Personal information
- Nationality: British
- Born: 21 July 1997 (age 29) Reading, England
- Height: 1.65 m (5 ft 5 in)
- Weight: 60 kg (130 lb; 9.4 st)

Sport
- Sport: Table tennis
- Playing style: Shakehand, attacking
- Highest ranking: 149 (May 2019)
- Current ranking: 196

Medal record
Women's table tennis
Representing England
Commonwealth Games
| Bronze medal – third place | 2018 Gold Coast | Team |

= Maria Tsaptsinos =

English table tennis player

Maria Tsaptsinos (born 21 July 1997) is an English table tennis player. She competed for England in the Women's Team event at the 2018 Commonwealth Games where she won a bronze medal alongside teammates Tin-Tin Ho and Kelly Sibley. Tsaptsinos and Ho also competed in the Women's Doubles, reaching the quarter-finals.

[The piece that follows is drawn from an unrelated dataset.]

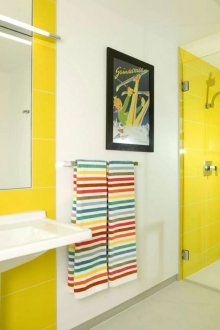 Dalaman bilik air kuning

At English national level, Tsaptsinos has won the senior title for women's doubles five times in a row - from 2015 to 2017 with Tin-Tin Ho, in 2018 with Kelly Sibley and in 2019 again with Ho. She also twice won the singles title for Under 21s, in 2014 and 2016. In 2019, she won the women's singles title for the first time.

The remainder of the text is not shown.